Task input:

..............................

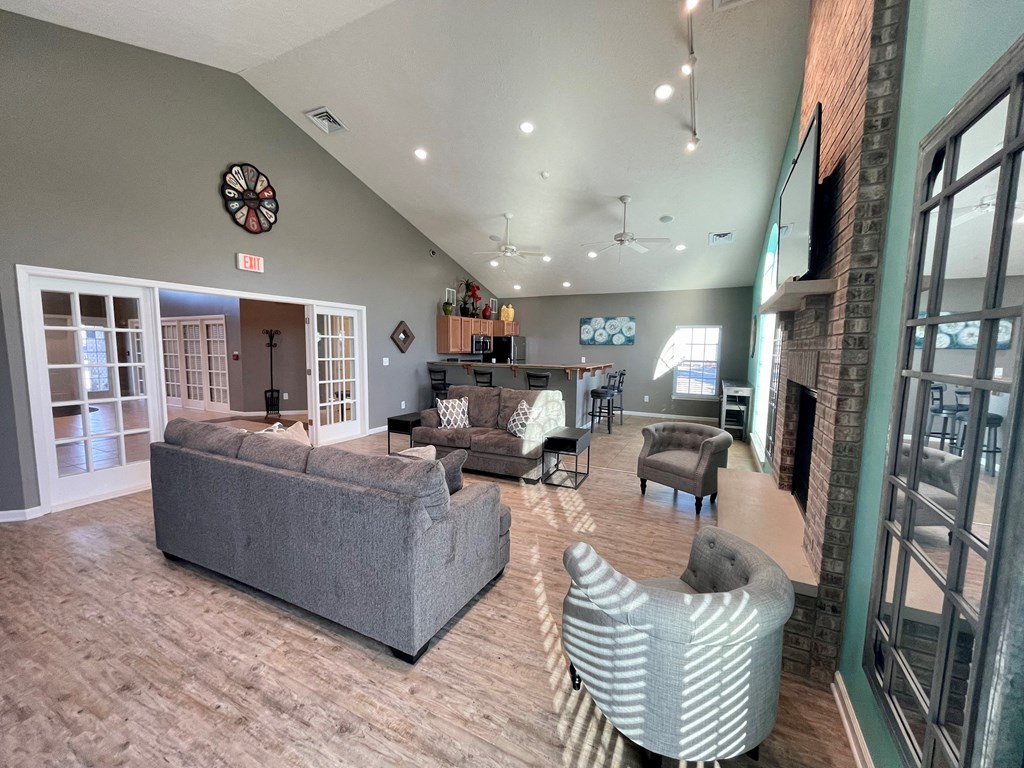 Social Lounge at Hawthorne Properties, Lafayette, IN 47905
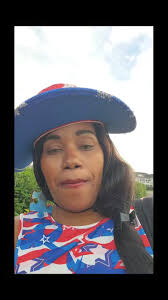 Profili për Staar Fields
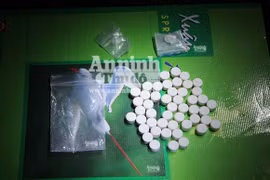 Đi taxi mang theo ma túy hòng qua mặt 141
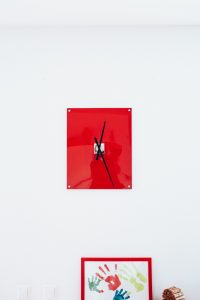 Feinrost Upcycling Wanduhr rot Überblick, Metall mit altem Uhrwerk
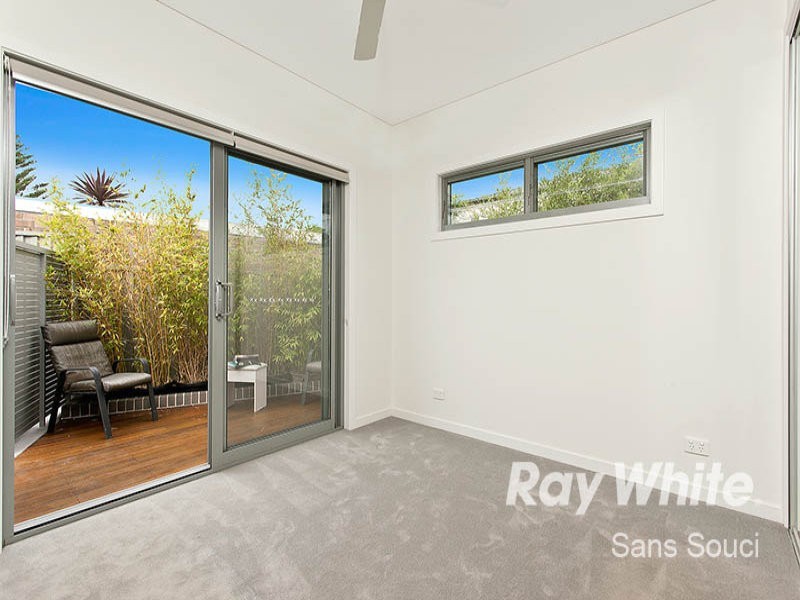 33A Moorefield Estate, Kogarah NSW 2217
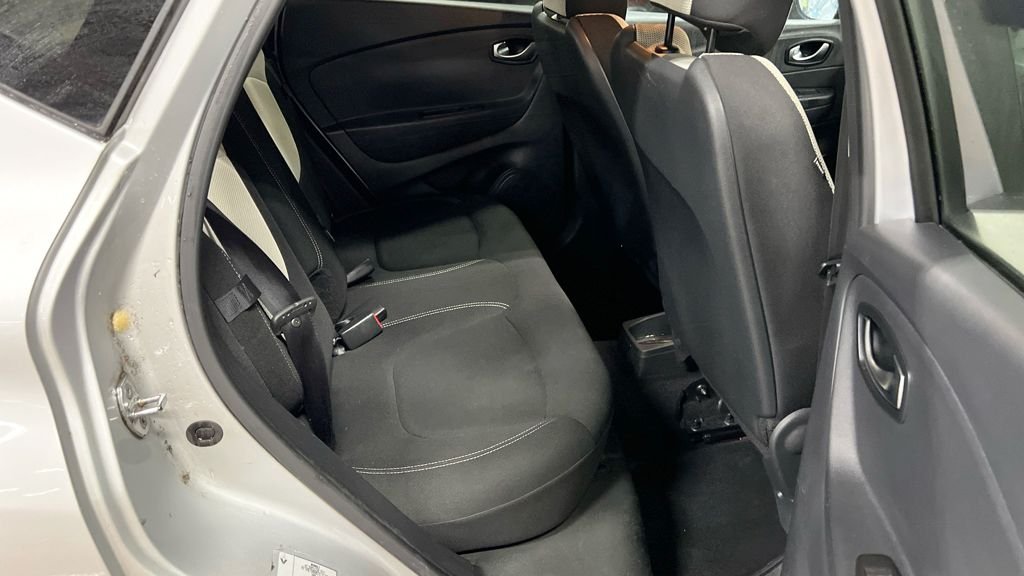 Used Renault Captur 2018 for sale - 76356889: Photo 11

..............................

Instructions to follow:
All of the material shown above needs to be duplicated exactly. Omit every picture.

Result below:
 Social Lounge at Hawthorne Properties, Lafayette, IN 47905
 Profili për Staar Fields
 Đi taxi mang theo ma túy hòng qua mặt 141
 Feinrost Upcycling Wanduhr rot Überblick, Metall mit altem Uhrwerk
 33A Moorefield Estate, Kogarah NSW 2217
 Used Renault Captur 2018 for sale - 76356889: Photo 11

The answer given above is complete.